> **REQUIRED WORK**:
The whole listing, please: repeat it exactly, with the pictures left out.

> **RAW DATA**:
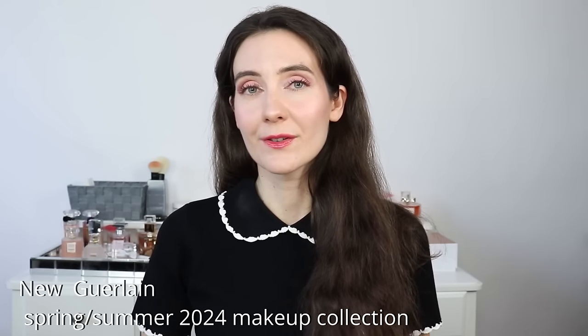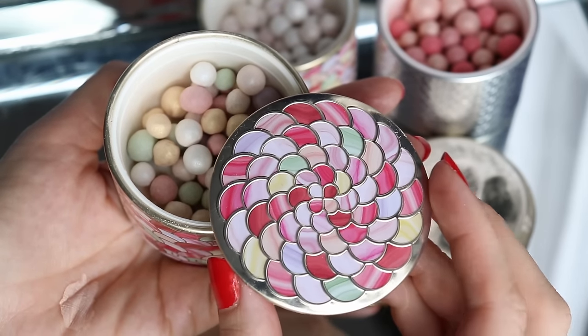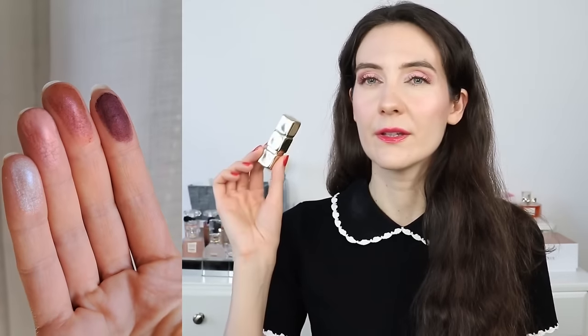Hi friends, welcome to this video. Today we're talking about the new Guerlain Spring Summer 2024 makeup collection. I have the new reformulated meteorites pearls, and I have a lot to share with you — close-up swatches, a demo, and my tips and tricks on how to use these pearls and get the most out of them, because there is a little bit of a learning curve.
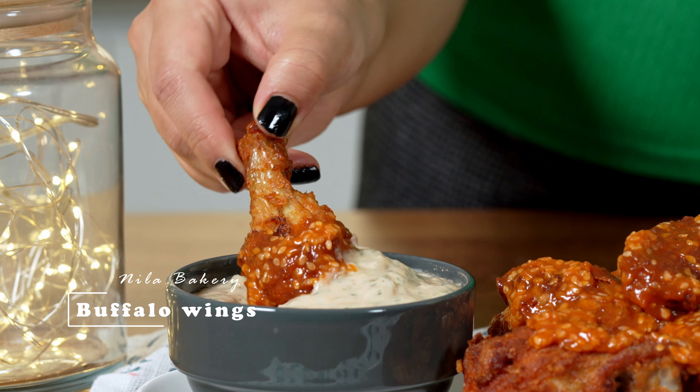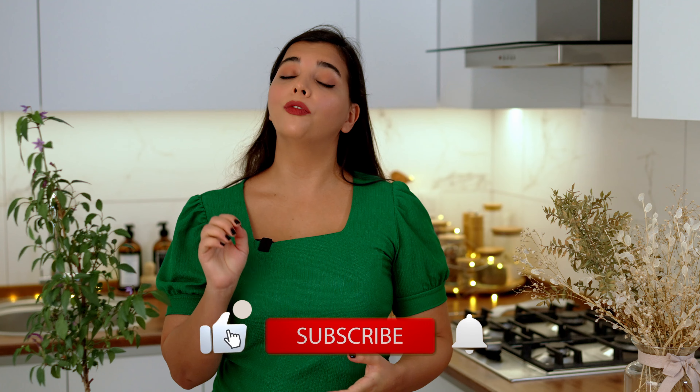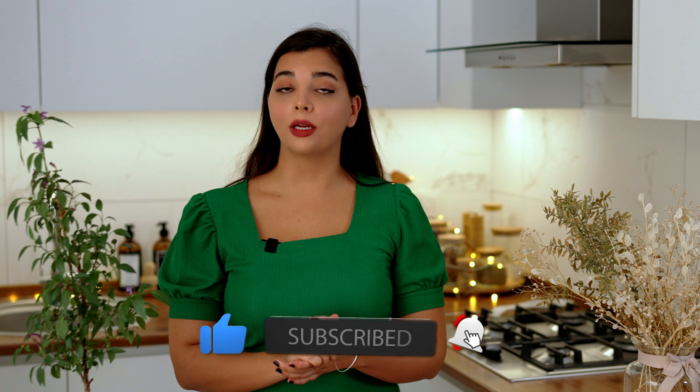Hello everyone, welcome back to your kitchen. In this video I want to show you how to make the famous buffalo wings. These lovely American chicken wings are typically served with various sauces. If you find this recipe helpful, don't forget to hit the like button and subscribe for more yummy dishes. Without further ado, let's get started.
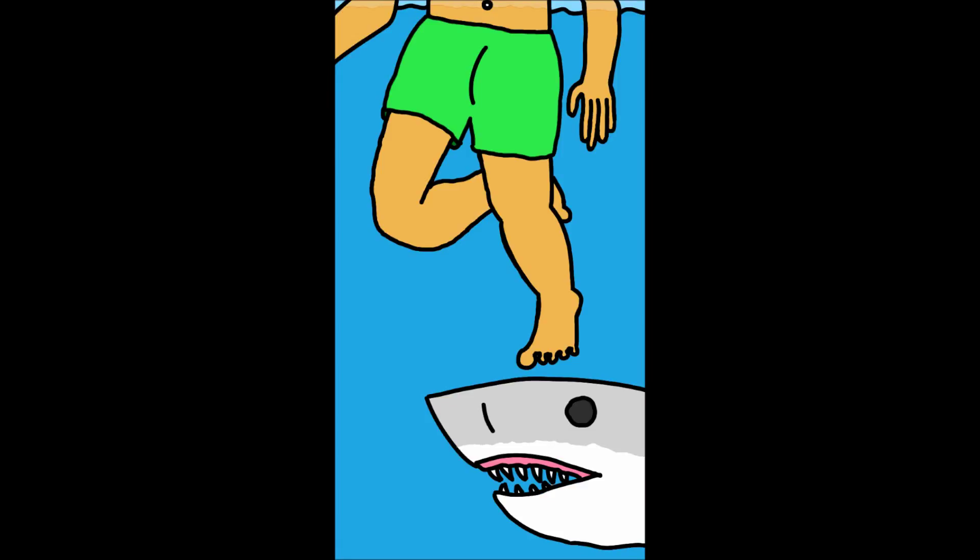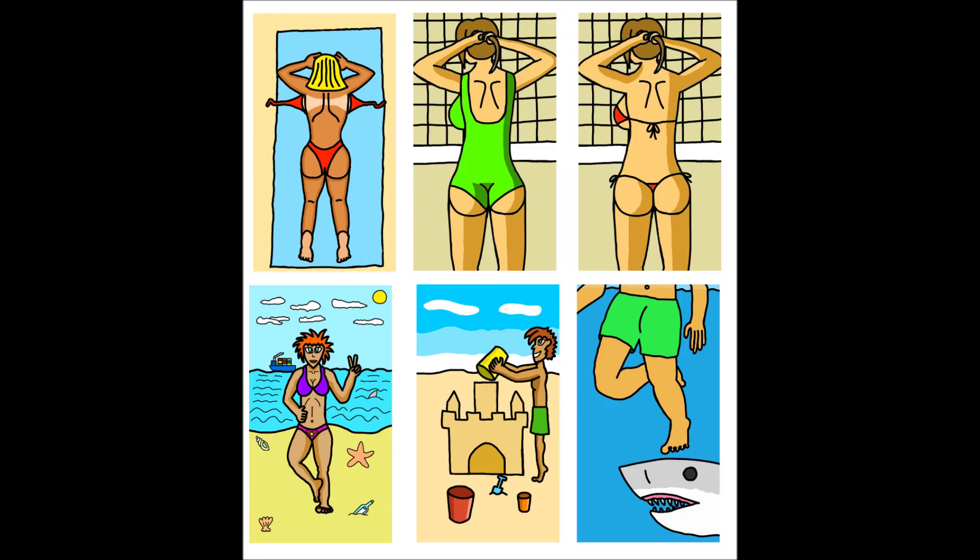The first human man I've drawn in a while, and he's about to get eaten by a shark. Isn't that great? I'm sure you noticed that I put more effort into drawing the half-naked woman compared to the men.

> **TASK SOLUTION**:
Hi friends, welcome to this video. Today we're talking about the new Guerlain Spring Summer 2024 makeup collection. I have the new reformulated meteorites pearls, and I have a lot to share with you — close-up swatches, a demo, and my tips and tricks on how to use these pearls and get the most out of them, because there is a little bit of a learning curve.
Hello everyone, welcome back to your kitchen. In this video I want to show you how to make the famous buffalo wings. These lovely American chicken wings are typically served with various sauces. If you find this recipe helpful, don't forget to hit the like button and subscribe for more yummy dishes. Without further ado, let's get started.
The first human man I've drawn in a while, and he's about to get eaten by a shark. Isn't that great? I'm sure you noticed that I put more effort into drawing the half-naked woman compared to the men.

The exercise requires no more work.